That day at the Summit I presented, in two pages, four points and three questions --I am not going to read them. Four points out of 16 we had selected from the April 24 NATO statement proclaiming the right to global intervention, and just three questions, but one had to do with the European Union declaration made here on sovereignty and so on. I asked them --and this will be the only question I will read: "Does this mean that the United States is also committed to respect the principles contained in this declaration endorsed by its allies? What would the European reaction be if under just any pretext the United States unilaterally decided to unleash an attack with bombs and missiles against any of the Latin American and Caribbean countries meeting here?"

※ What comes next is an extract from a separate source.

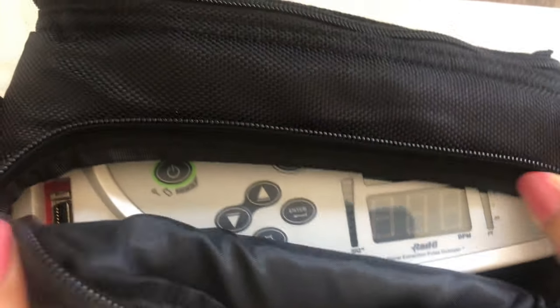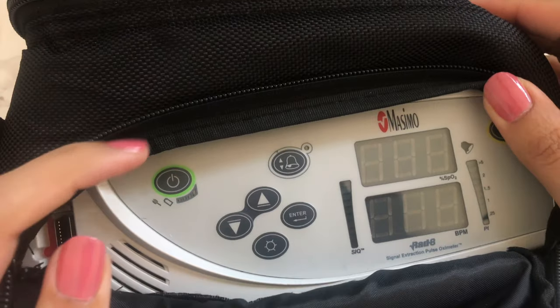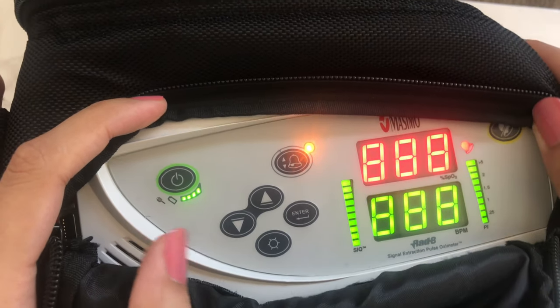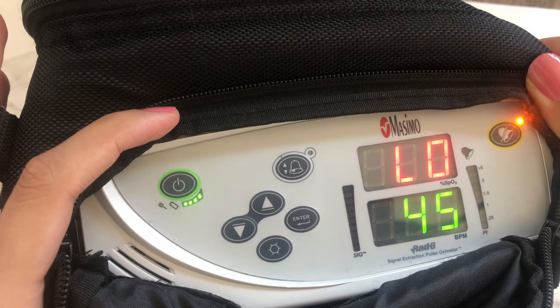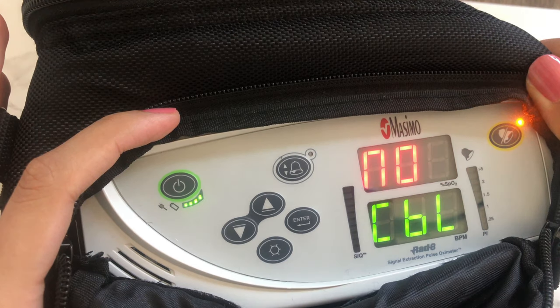Let's take a look at the interface. The power button is outlined in green. Hold the power button pressed for a couple of seconds and wait for the beep to signal it's been turned on. The display will flash and run through the settings: standard setting, low oxygen limit, high oxygen limit, low pulse limit, high pulse limit, and 8-second average.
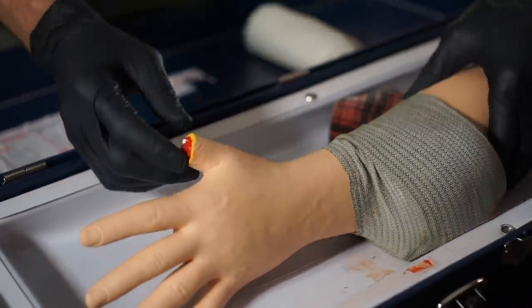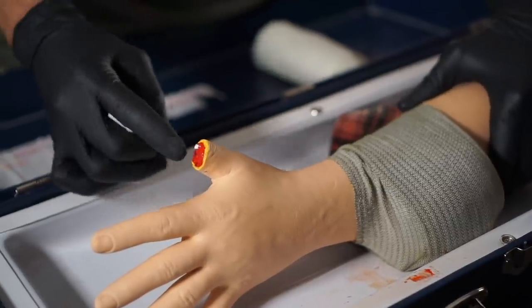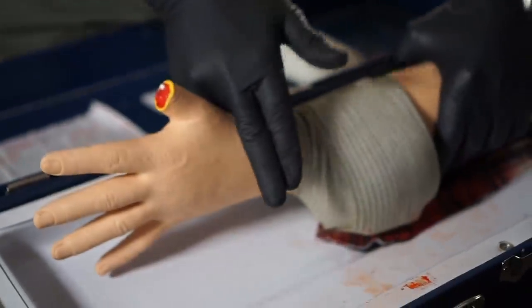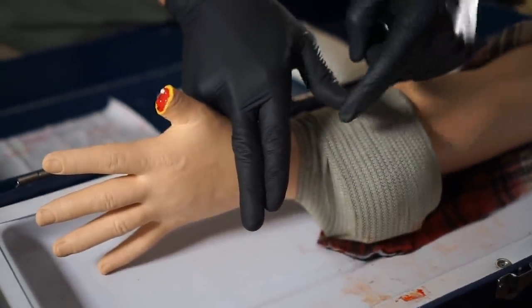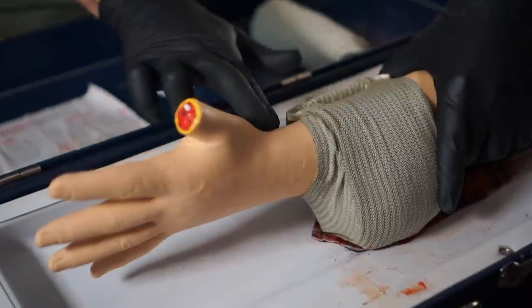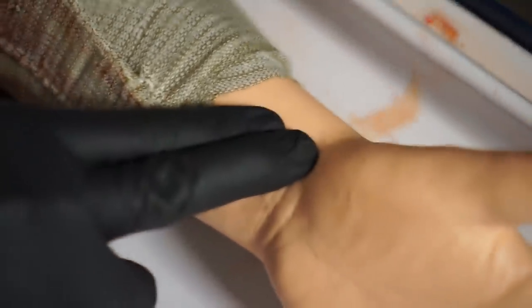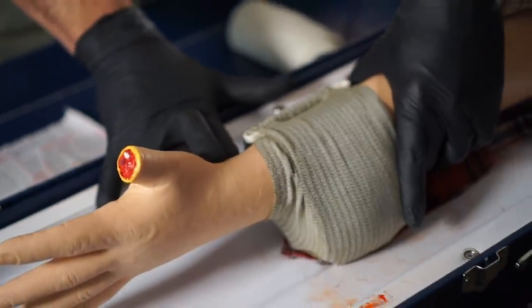When you're checking for the radial pulse, it's right here along the thumb on the inside — imagine this thumb is still here. Using two fingers, don't use your thumb because your thumb has its own pulse. Place two fingers right inside there and you should still be able to feel the pulse, which means you have not created the tourniquet effect. That's not what you're going for, so this is good to go.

That was one question, I do not know if it was the $64,000 question as people usually say. But, there were two other similar questions. There for the first time I touched on the problem of the proliferation of nuclear weapons supported by the United States, tolerated and kept in secret --a strange and hermetic secret-- for years in the case of a Middle East country in possession of about 300 nuclear weapons. That would be one of the cases where, according to NATO and its new concept, an armed intervention could be carried out.

I asked them if one day they would, perhaps, drop thousands of bombs on that country and its cities, on that country and its population formed by various ethnic groups. Also, whether it was civilized to apply such formulae to solve the problem. And, of course, I firmly stated that it would be criminal if due to this proliferation they had supported, they would one day undertake a genocidal war against the men and women, the children and the elderly in that country.

I will say no more. I will not call names. Three questions and not one answer. In that private meeting, no European representative raised his hand to say: "I would like to answer the questions raised by the Cuban leader." Not even one.

I had an arsenal of papers with me. I kept a respectful silence and waited all through the meeting for someone to speak on the issues for which the chairman twice asked for answers. Those were " the three unanswered questions."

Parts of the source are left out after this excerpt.